SPARQL-Prov

Computing How-Provenance for SPARQL Queries via Query Rewriting

Daniel Hernández, Luis Galárraga, and Katja Hose.

In Proceedings of the VLDB Endowment 2021, Vol. 14, No. 13 ISSN 2150-8097. (PDF), Publisher Link

Abstact

Over the past few years, we have witnessed the emergence of large knowledge graphs built by extracting and combining information from multiple sources. This has propelled many advances in query processing over knowledge graphs, however the aspect of providing provenance explanations for query results has so far been mostly neglected. We therefore propose a novel method, SPARQLprov, based on query rewriting, to compute how-provenance polynomials for SPARQL queries over knowledge graphs. Contrary to existing works, SPARQLprov is system-agnostic and can be applied to standard and already deployed SPARQL engines without the need of customized extensions. We rely on spm-semirings to compute polynomial annotations that respect the property of commutation with homomorphisms on monotonic and non-monotonic SPARQL queries without aggregate functions. Our evaluation on real and synthetic data shows that SPARQLprov over standard engines incurs an acceptable runtime overhead w.r.t. the original query, competing with state-of-the-art solutions for how-provenance computation.

Cite

Hernández, Daniel, Luis Galárraga, and Katja Hose. "Computing how-provenance for SPARQL queries via query rewriting." Proceedings of the VLDB Endowment 14.13 (2021): 3389-3401.

EXPERIMENTS

Benchmarks and Competitors

We evaluated the viability of SPARQLprov to compute provenance for SPARQL query answers by measuring the runtime overhead incurred by the rewritten query w.r.t. the original query on two standard RDF/SPARQL engines, namely Virtuoso and Fuseki. Our evaluation consisted of several experiments, including a comparison with GProM and TripleProv, two state-of-the-art solutions to compute how-provenance for queries. Our experimental benchmarks comprise:

WatDiv: A state-of-the-art benchmark for SPARQL queries. We use it to compare SPARQLprov to the competitors, as well as to evaluate the impact of the reification scheme on the overall runtime.
TPC-H: To evaluate the scalability of SPARQLprov as the amount of data increases, we used this benchmark to generate datasets of different sizes.
Wikidata: We used this dataset to evaluate the runtime overhead of SPARQLprov on a real-world dataset.

Experiments

Impact of reification: We evaluated SPARQLprov's runtime overhead on data encoded with three reification schemes, namely named graphs, the standard reification, and the Wikidata reification. This evaluation was conducted on the WatDiv benchmark.
Scalability evaluation: We studied the scalability of SPARQLprov using the TPC-H benchmark that we used to generate 8 synthetic datasets of increasing size.
Real data: We evaluated SPARQLprov on Wikidata, a real-world RDF knowledge graph.
Comparison with other systems: We compared SPARQLprov on the Watdiv benchmark against other solutions for how-provenance, namely TripleProv and GProM.

System Settings

All the queries were executed in a machine with an AMD EPYC 7281 16-Core Processor, 256GB of RAM, and an 8 TB HDD disk. We use Virtuoso (v.~7.2.5.1) and Fuseki (v.~3.17.0 with TDB1 as storage driver) to test our approach. More details about the experimental settings can be found in our reproducibility archive.

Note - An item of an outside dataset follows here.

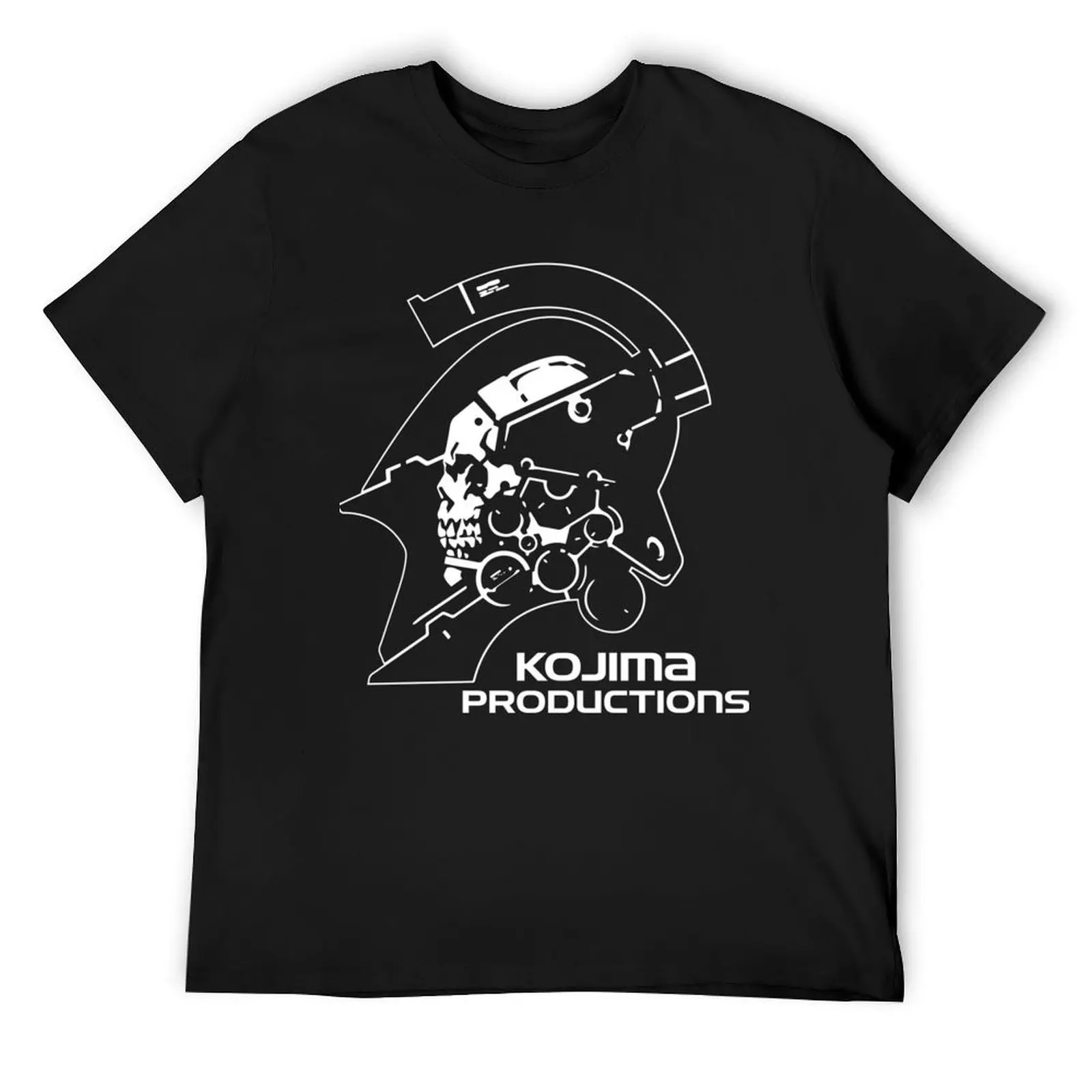 

Kojima Productions - Logo T-Shirt korean fashion Anime t-shirt Short sleeve tee street wear Short sleeve tee men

For each experiment, we run all queries once to warm up the engine and then, we run each query load 5 times. For each query, we report the average response time of the executions.

Experimental results

In our experiments, we compared our approach (with Virtuoso and Fuseki as backends) against the two state-of-the-art approaches TripleProv and GProM.

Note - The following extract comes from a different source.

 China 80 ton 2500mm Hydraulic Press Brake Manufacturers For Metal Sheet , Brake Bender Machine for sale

We added an additional 5 non-monotonic queries (O1-O5) involving OPTIONAL. The list of queries is avaible under Downloads at the end of this page.

Figure: Watdiv query execution times per reification scheme and query template. The top dotted line represents the timeout. B: base query, R: reified query, P: provenance query.

Figure: TPC-H execution times per query template.

Figure: Wikidata time overhead.

Figure: Watdiv query execution times per engine and query template. For our approach (denoted as Virtuoso) we report the results obtained with named graphs reification scheme, and for GProM the results obtained with the vertical partition scheme. The top dotted line represents the timeout.

Source Code

The source code of SPARQLprov as well as the utilities to reproduce results of our experiments can be found in our reproducibility archive.

Datasets and Queries

WatDiv: This benchmark uses a syntetic dataset described in the official WatDiv benchmark website. We used the 100 million triples dataset for our experiments. Here are other potentially interesting downloads:
TPC-H: This benchmark uses a syntetic dataset. The tool to create the dataset is available in the official TPC-H benchmark website. This tool generates tables codified as tab-separated values. Our reproducibility scripts take care of translating these data into RDF.
Wikidata: We used the Wikidata dump from January 27, 2020 from Wikimedia foundation. We have created a stable copy of the dataset for long-term preservation concerns.